En teatro, ni hablar. Es cierto que hay muchas comedias en cartel, tal vez más que dramas si consideramos como humor al teatro revista. Sin embargo, las dificultades pasan por la efectividad del humor. Un actor podría soportar dignamente que ningún espectador llorara cuando él encumbra una actuación dramática. Pero es terrible hacer un chiste y que nadie se ría. ¿Cómo se sigue adelante? Imposible. Los premios, igual, se los llevan siempre las obras dramáticas.

Lo mismo ocurre en literatura. De los más de cien premios nobel a la literatura que han sido entregados, no hay ninguno entregado por un libro puramente humorístico. Hay premios a poetas, filósofos y a escritores dramáticos, épicos e historiadores. Pero no a humoristas. Como consuelo, en los fundamentos de los premios, la palabra sátira aparece una vez, con George Bernard Shaw, y la palabra humor, dos: Sinclair Lewis fue reconocido por sus “personajes creados con ingenio y humor”, y con John Steinbeck , la Acadamia sueca destacó que “incorpora un humor simpático”. Tres de 108.

Ajenos a todas esas cuestiones, hay quienes insistimos en el intento de provocar la risa. Y sí, tal vez el drama “garpe” más que la comedia, pero la risa siempre será más: riendo, hasta se puede llorar de risa, pero nunca alguien va a reír de llanto.

Los chicos, los mejores

Para entender el humor, tal vez sea menester ligarlo al asombro o a la simpática sorpresa. En este sentido, los mejores comediantes son los chicos que, con sus ocurrencias absolutamente racionales, provocan nuestra risa. Como cuando Matilá, después de escuchar que la TV, antes, se veía en blanco y negro, le preguntó a su abuela si era porque las cosas y las personas antes eran en blanco y negro. O como cuando Gonzapó dedujo que si el dentista era el doctor de los dientes, el oculista debía ser el doctor del culo.

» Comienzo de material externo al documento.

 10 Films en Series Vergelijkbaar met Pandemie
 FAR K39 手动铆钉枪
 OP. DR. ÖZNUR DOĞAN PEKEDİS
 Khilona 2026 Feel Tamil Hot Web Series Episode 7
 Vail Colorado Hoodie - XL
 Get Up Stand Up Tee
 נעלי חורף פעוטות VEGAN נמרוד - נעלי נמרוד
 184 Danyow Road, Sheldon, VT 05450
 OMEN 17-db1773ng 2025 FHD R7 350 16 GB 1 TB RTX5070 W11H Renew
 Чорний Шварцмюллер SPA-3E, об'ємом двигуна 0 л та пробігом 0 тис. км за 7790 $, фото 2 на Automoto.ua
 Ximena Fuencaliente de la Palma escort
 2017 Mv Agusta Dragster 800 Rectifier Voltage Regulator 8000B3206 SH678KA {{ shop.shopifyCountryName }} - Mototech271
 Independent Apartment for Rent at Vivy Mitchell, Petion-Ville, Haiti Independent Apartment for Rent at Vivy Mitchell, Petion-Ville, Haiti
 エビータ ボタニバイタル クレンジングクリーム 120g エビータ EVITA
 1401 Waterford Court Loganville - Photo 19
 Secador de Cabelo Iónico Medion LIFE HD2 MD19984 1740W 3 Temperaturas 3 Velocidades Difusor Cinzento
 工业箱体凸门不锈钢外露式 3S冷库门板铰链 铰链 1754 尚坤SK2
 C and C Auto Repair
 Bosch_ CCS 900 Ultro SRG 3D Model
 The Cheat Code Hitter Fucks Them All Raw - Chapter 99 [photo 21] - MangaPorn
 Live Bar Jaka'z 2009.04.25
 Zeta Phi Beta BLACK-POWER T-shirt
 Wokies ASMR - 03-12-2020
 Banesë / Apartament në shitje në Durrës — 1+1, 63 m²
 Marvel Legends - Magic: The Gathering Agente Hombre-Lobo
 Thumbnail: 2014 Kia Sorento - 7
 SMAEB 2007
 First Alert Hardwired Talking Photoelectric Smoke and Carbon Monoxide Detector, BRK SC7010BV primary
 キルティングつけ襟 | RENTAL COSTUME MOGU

O cuando Milugí, a los tres añitos, tras observar por largo rato cómo su padre leía el libro “Código da Vinci”, le preguntó: “¿Cómo podés leer un libro si no tiene dibujitos?”. O el caso de Juliál que, viajando en un colectivo, tras preguntarle a su abuela por una “señora gorda” y escuchar que “no era gorda sino que estaba embarazada”, preguntó seguidamente si el hombre que estaba, entonces, al lado de ellas también estaba embarazado.

O, por ejemplo, el caso de Martifré que cierta vez, cuando esperaba el resultado de una placa radiográfica que le habían hecho de su bracito, escuchó que su mamá le dijo: “cruzá los dedos porque me parece que, de acá, nos vamos con un yeso”. Segundos después, vino el médico y les anunció: “bueno, hay que hacer un yeso por un mes”. Inmediatamente, Martifré miró a su madre y le reprochó: “¡pero si yo crucé los dedos!”.

Estas son unos pocos ejemplos de la asombrosa facilidad de los niños para observar el mundo y cuestionarlo usando el más puro razonamiento. Tal vez, tantos años de imperfecto razonamiento, en cambio, nos lleva a los grandes a pensar de manera distorsionada. O, simplemente, anulamos nuestra curiosidad, nuestra capacidad de sorprender y sorprendernos, e, incluso, de reírnos.

Por eso, a pesar de que los premios estén imantados a los dramas o a la épica, las carcajadas deberían ser, necesariamente, más sonoras que los lamentos, y los “Ja Ja Ja” deberían ser mucho más frecuentes que los “sniff”.